In the data below, find the line containing "FORD FOCUS 1.6", then set down that line and every later line up to and including the line containing "(6450) Harmanli - 12 Перуника — foto", exactly.

#### Supplied entries
▶

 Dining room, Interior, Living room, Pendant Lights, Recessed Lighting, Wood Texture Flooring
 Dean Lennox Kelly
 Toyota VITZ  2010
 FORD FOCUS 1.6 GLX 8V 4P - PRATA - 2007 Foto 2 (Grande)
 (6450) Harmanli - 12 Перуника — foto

◀
▶

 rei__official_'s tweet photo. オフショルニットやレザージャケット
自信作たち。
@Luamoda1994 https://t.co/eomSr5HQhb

◀

#### Response to the exercise
 FORD FOCUS 1.6 GLX 8V 4P - PRATA - 2007 Foto 2 (Grande)
 (6450) Harmanli - 12 Перуника — foto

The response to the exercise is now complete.